Neste caso, funcionando de forma similar nas línguas de raiz latina, haveria necessidade de invocar o português? Com efeito, "efeito" é suposta conjugação latina de "efectuar" enquanto "effectus", o que significa "é feito", só que em português não é preciso ir ao latim, para tirar "é feito" de "efeito".
Isso não acontece com o "effect" inglês, ou o "efet" francês, não tomam o sentido em "is done" ou mesmo em "est fait", que sonoramente é similar a "efet".
Só que o português vai mais longe, e numa arte milenar que hoje se chama "para inglês ver", não tem o verbo "efazer", tem o verbo "enfeitar".
A diferença entre "efeito" e "enfeito", é que no último caso não é preciso fazer, basta enfeitar...
Tal como passar por ter isso feito, ou ter feito isso, é "feitiço".
Na arte do feitiço, chamada feitiçaria, o povo era ludibriado pelos feiticeiros de serviço.

Filosofia dos abjectos
Este pequeno intróito serve para deixar claro que, na liturgia das palavras adquiridas, um objectivo pressupunha um trajecto e algo que se opusesse a esse trajecto. Ou seja, não supõe alcançar algo sem que nada objecte, sem que ninguém se queixe. Não se pretende algo que "que caia em saco roto".
Curiosamente, a minha perspectiva de "objectivo" foi sempre oposta, no sentido em que a comunidade é útil, mas dispensável, para avaliar da solidez dos objectivos. A solidez deve ser objectiva e não subjectiva, e não é por ter avalo de um ou de um milhão que isso se altera.

Uma necessidade de mérito por confrontação, que é essência do chamado "método científico", reflecte uma mentalidade tortuosa, que dá apenas valor ao que é alcançado por conflito - contra os outros, ou contra os elementos.
O valor sai de unanimismos e nisso não se afasta da mentalidade medieval.
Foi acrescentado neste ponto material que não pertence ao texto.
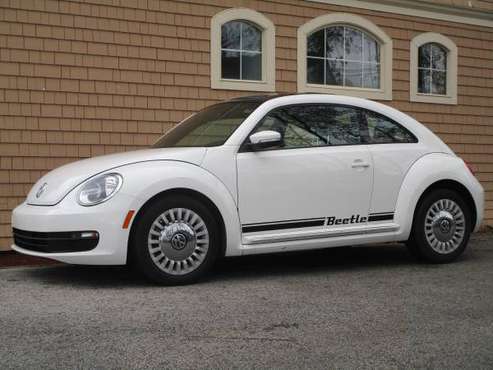 2013 Volkswagen Beetle, Only 38, 000 Miles, Very Well Maintained! for sale in Rowley, MA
Enquanto numa sociedade primitiva, nómada, um objectivo familiar seria afastar-se para procurar territórios de caça, sem conflitos com os vizinhos... quando a sociedade passou à filosofia agrícola, em que a dependência da terra obrigava à sedentarização, e à inserção numa hierarquia social de alimentação, a expulsão dessa sociedade passou a ser vista como um pior mal.
Abjecto, banido, ou ostracizado (na versão grega), o exílio era um castigo visto por muitos como mais severo do que a prisão ou a morte. Digamos, a prisão não existia, porque ninguém pensava em alimentar e alojar presos de graça. A prisão era o trabalho escravo. A escravatura foi simplesmente uma solução entendida como inteligente para resolver um problema prisional. Nenhuma família romana queria ter que alimentar prisioneiros gauleses, mas se estes servissem como escravos, pois aí dava jeito, mais jeito do que construir inúteis campos de concentração em Roma.
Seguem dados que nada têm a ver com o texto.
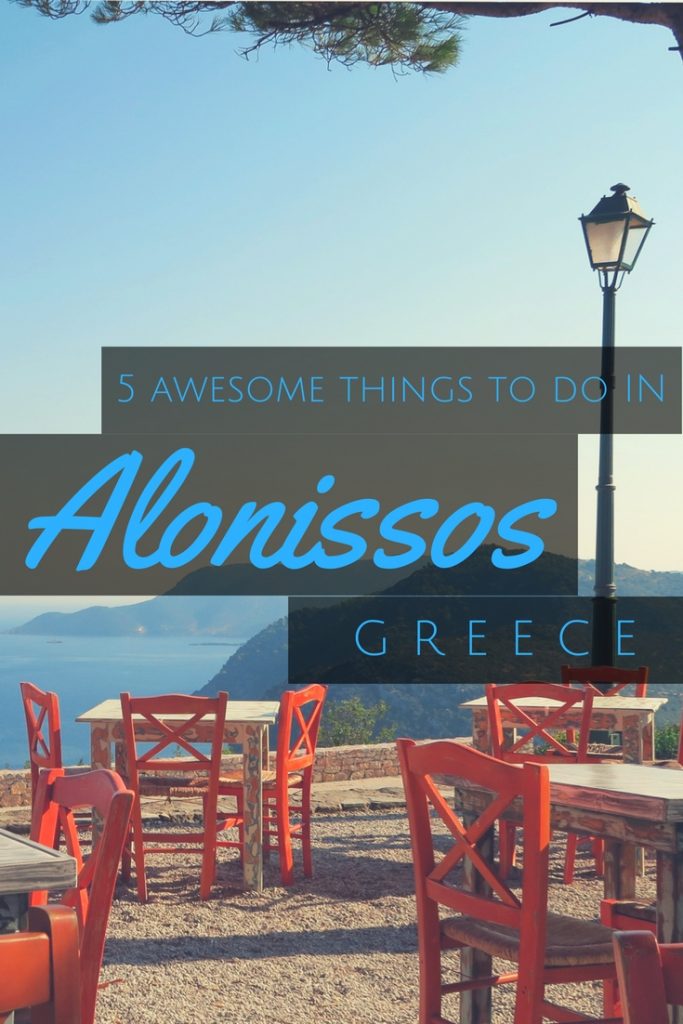 5 awesome things to do in Alonissos Greece pin1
No Séc. XIX aquando da organizada política de emigração europeia, organizada pela maçonaria (e pela cúria romana), os pobres migrantes europeus sonhavam com propriedades americanas, e partiram em debandada como nunca antes. Partiam em magotes para países novos, independentes, muitos deles para uma língua completamente estranha. Curiosamente, na mesma altura que as potências europeias cimentavam o seu poder colonial em África e na Ásia, a maioria da emigração não se destinava a essas colónias. No caso português, a emigração ia essencialmente para o Brasil ou EUA, e em muito menor escala para Angola ou Moçambique. A maioria dos portugueses em África chegou só no Séc. XX, depois dos anos 50.

Vejamos isto em contraste com o que se passou no Séc. XV e XVI. Se a colonização da Madeira e Açores foi rápida e eficaz, não seria de esperar que os marinheiros contassem às suas gentes dos paraísos tropicais que viam?
No entanto, Portugal sempre quis reduzir a sua presença além-mar ao mínimo - a pequenas povoações fortificadas, destinadas ao comércio - as feitorias. Funcionavam como enfeitorias, disfarçando uma efectiva vontade de não-colonização.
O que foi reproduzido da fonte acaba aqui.